The Supreme Court should accept Eshelman’s petition and hear the case because, his attorneys say, the 10th Circuit Court of Appeals’ decision on corner crossing “contravenes” Supreme Court precedent. The case also has “profound legal and practical importance,” Eshelman argues.

Eshelman is appealing the 10th Circuit Court’s decision that he cannot block the public from corner crossing to reach public land surrounded by his Carbon County ranch. He sued four Missouri hunters who stepped from one piece of public property to another adjacent one where the two met at a checkerboard corner with two parcels of Eshelman’s Elk Mountain Ranch. The hunters did not touch the ranch owner’s land.

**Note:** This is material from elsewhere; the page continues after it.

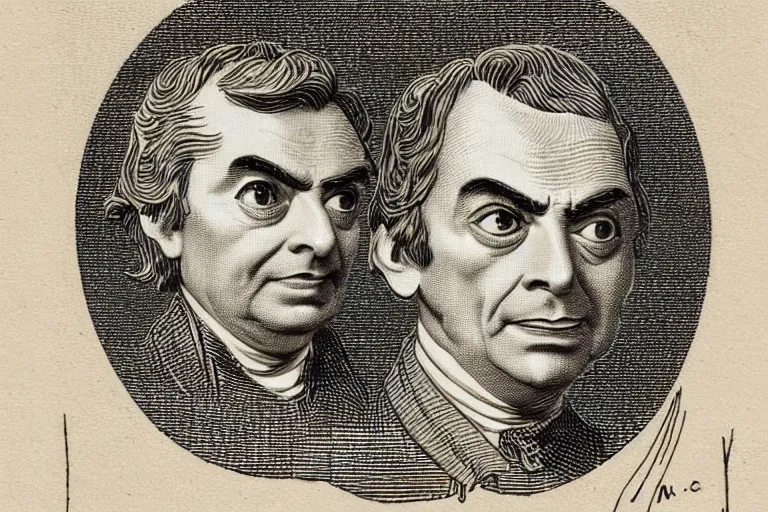 Prompt: An engraved portrait of Mr. Bean , detailed!!! copper-plate engraving in the style of money bills, fine!!! lines, engraved by Alfred Sealey, Bureau of Engraving and Printing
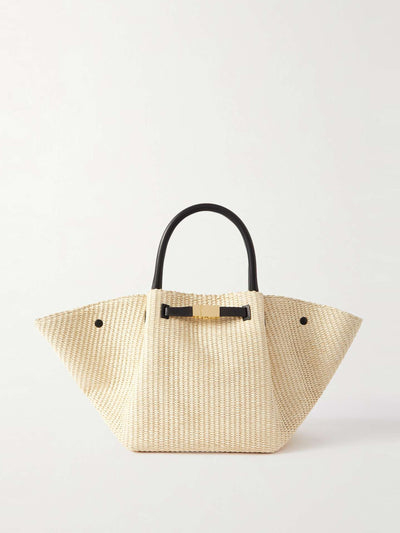Demellier New York leather-trimmed raffia tote at Collagerie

Eshelman, through his ranch-owning company Iron Bar Holdings, maintains the hunters trespassed when they passed through the airspace above his property, a violation of Wyoming law. In seeking a Supreme Court hearing, Eshelman’s attorneys use two of the most successful approaches, expert Dan Schweitzer wrote in a guide, that petitioners have employed to convince the court to hear their cases.

“This petition does not meet this Court’s criteria for granting review.”

Ryan Semerad

Eshelman’s petition, however, is not based on the first reason the court lists for taking up petitions for a writ of certiorari, or review. That’s when there are conflicting decisions on the same matter between two of the 13 federal circuit courts of appeal.

That’s fodder for the hunters who say they don’t want the court to consider the case, but are willing to fight if it does.

“This petition does not meet this Court’s criteria for granting review,” one of the hunters’ attorneys, Ryan Semerad, wrote in a Supreme Court filing. “Iron Bar doesn’t claim that the decision below implicates a circuit split.”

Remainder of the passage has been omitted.